> **What you need to do**:
In full and without alteration, write out the records.

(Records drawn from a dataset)
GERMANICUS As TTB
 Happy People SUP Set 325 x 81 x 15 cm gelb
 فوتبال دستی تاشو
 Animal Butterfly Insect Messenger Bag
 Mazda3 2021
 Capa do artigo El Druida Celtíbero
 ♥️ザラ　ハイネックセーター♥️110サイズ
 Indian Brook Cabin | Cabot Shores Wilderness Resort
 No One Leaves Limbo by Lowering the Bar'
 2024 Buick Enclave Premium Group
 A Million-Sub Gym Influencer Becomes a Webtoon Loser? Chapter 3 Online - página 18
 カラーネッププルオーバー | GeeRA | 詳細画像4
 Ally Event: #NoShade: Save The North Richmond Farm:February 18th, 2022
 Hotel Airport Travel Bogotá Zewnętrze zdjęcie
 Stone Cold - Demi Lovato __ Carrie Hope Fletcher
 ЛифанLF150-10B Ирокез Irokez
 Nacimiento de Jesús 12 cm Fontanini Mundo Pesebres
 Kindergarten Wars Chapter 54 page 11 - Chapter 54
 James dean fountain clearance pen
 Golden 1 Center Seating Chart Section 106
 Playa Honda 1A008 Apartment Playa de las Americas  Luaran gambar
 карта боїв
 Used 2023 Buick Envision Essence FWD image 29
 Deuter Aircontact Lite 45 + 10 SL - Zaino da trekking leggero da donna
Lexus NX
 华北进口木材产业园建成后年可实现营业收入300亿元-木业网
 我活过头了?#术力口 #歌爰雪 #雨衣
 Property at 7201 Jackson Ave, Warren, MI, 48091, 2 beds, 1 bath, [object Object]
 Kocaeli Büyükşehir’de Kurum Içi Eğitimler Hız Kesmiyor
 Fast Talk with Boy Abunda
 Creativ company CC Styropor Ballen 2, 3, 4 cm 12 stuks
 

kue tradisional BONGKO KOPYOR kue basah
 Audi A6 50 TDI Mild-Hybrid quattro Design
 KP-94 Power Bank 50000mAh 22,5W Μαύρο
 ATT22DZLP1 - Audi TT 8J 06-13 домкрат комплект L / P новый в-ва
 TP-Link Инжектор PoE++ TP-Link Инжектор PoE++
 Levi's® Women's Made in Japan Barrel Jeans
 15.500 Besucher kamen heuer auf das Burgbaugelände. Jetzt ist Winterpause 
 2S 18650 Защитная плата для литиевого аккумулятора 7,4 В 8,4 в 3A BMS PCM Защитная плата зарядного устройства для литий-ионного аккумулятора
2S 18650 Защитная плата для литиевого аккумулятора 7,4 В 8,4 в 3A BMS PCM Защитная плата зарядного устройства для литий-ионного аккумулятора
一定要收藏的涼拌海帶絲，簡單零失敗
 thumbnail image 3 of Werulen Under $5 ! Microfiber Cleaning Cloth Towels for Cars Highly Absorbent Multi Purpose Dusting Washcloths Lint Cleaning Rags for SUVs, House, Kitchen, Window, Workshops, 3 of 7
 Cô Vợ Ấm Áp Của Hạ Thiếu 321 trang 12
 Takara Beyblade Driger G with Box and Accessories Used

> **Task answer**:
GERMANICUS As TTB
 Happy People SUP Set 325 x 81 x 15 cm gelb
 فوتبال دستی تاشو
 Animal Butterfly Insect Messenger Bag
 Mazda3 2021
 Capa do artigo El Druida Celtíbero
 ♥️ザラ　ハイネックセーター♥️110サイズ
 Indian Brook Cabin | Cabot Shores Wilderness Resort
 No One Leaves Limbo by Lowering the Bar'
 2024 Buick Enclave Premium Group
 A Million-Sub Gym Influencer Becomes a Webtoon Loser? Chapter 3 Online - página 18
 カラーネッププルオーバー | GeeRA | 詳細画像4
 Ally Event: #NoShade: Save The North Richmond Farm:February 18th, 2022
 Hotel Airport Travel Bogotá Zewnętrze zdjęcie
 Stone Cold - Demi Lovato __ Carrie Hope Fletcher
 ЛифанLF150-10B Ирокез Irokez
 Nacimiento de Jesús 12 cm Fontanini Mundo Pesebres
 Kindergarten Wars Chapter 54 page 11 - Chapter 54
 James dean fountain clearance pen
 Golden 1 Center Seating Chart Section 106
 Playa Honda 1A008 Apartment Playa de las Americas  Luaran gambar
 карта боїв
 Used 2023 Buick Envision Essence FWD image 29
 Deuter Aircontact Lite 45 + 10 SL - Zaino da trekking leggero da donna
Lexus NX
 华北进口木材产业园建成后年可实现营业收入300亿元-木业网
 我活过头了?#术力口 #歌爰雪 #雨衣
 Property at 7201 Jackson Ave, Warren, MI, 48091, 2 beds, 1 bath, [object Object]
 Kocaeli Büyükşehir’de Kurum Içi Eğitimler Hız Kesmiyor
 Fast Talk with Boy Abunda
 Creativ company CC Styropor Ballen 2, 3, 4 cm 12 stuks
 

kue tradisional BONGKO KOPYOR kue basah
 Audi A6 50 TDI Mild-Hybrid quattro Design
 KP-94 Power Bank 50000mAh 22,5W Μαύρο
 ATT22DZLP1 - Audi TT 8J 06-13 домкрат комплект L / P новый в-ва
 TP-Link Инжектор PoE++ TP-Link Инжектор PoE++
 Levi's® Women's Made in Japan Barrel Jeans
 15.500 Besucher kamen heuer auf das Burgbaugelände. Jetzt ist Winterpause 
 2S 18650 Защитная плата для литиевого аккумулятора 7,4 В 8,4 в 3A BMS PCM Защитная плата зарядного устройства для литий-ионного аккумулятора
2S 18650 Защитная плата для литиевого аккумулятора 7,4 В 8,4 в 3A BMS PCM Защитная плата зарядного устройства для литий-ионного аккумулятора
一定要收藏的涼拌海帶絲，簡單零失敗
 thumbnail image 3 of Werulen Under $5 ! Microfiber Cleaning Cloth Towels for Cars Highly Absorbent Multi Purpose Dusting Washcloths Lint Cleaning Rags for SUVs, House, Kitchen, Window, Workshops, 3 of 7
 Cô Vợ Ấm Áp Của Hạ Thiếu 321 trang 12
 Takara Beyblade Driger G with Box and Accessories Used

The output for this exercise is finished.